To understand the limits on efficiently learning an accurate, exploitable, model of an agent’s environment.

Motivating scenarios

  1. I imagine an agent as a scientist, one that attempts to; tease apart distinct concepts, combine them into new hypotheses, design experiments to falsify the hypothesis and eventually recover the true dynamics.
  2. I imagine an agent in a classroom, its goal is to stack the blocks on the floor into the tallest possible tower. This agent has access to a perfect model of its environment. But, why should the agent bother simulating the spins of atoms, the chemical composition of the wallpaper, the scattering of light, … We only want to simulate the details that are likely to significantly influence or be influenced by our actions. The positions of the blocks and their likelihood of falling.

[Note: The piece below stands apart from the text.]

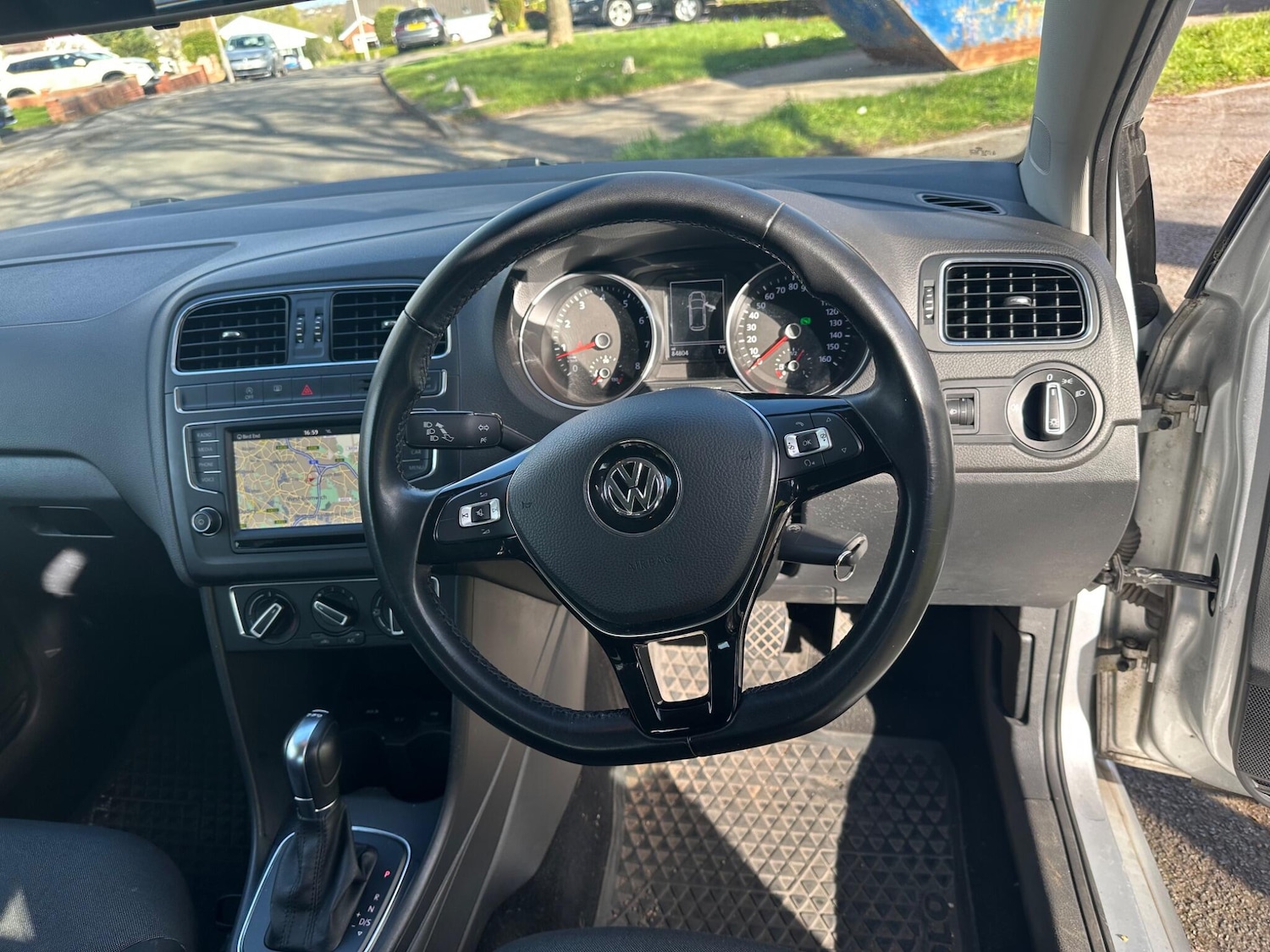 Used Volkswagen Polo 2015 for sale - 78141034: Photo 16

Model based reinforcement learning such as (Ha & Schmidhuber, 2018; Cuccu et al., 2019) has been shown to work effectively. What is exciting about this approach is that the learned models of an environment and the policies are disentangled. Thus models are transferable to different tasks, and policies are transferable to different environments, making learning more efficient.

Symbolic AI is an old field consisting of reasoning, planning and heuristic search. But recently it has been shown that search heuristics (for reasoning/planning) can be learned (Junyent et al., 2018; Silver et al., 2017). This is exciting because it has hinted at  the possibility of integrating neural and symbolic systems (aka learned models and planners). There has been a flurry amount of work in this area (Besold et al., 2017). In my opinion, learning structured representations (Sanchez-Gonzalez et al., 2018) is a promising research direction, as they provide interpretable and exploitable representations. The key problems can be summarised as; learning to reason (Rocktäschel & Riedel, 2017), learning to reason with learned representations (Higgins et al., 2018).

Our approach

As may have been noted from the section on existing research, this is a popular field. My hope is to consider the problems a little more abstractly and to contribute understanding. Specifically, the types of question I want to answer are from the point of view of computational complexity.

Representations

I am interested in exploring the advantage(s) provided by different representations of an environment. Having a model allows planning, but in situations when fast, probably approximately correct actions are sufficient, a model-free representation may achieve better results. Q: What are the advantages of different representations? Q: Is it possible to design a representation and can flexibly trade-off resources (memory/time, accuracy, latency, parallelism, samples, generalisation, …).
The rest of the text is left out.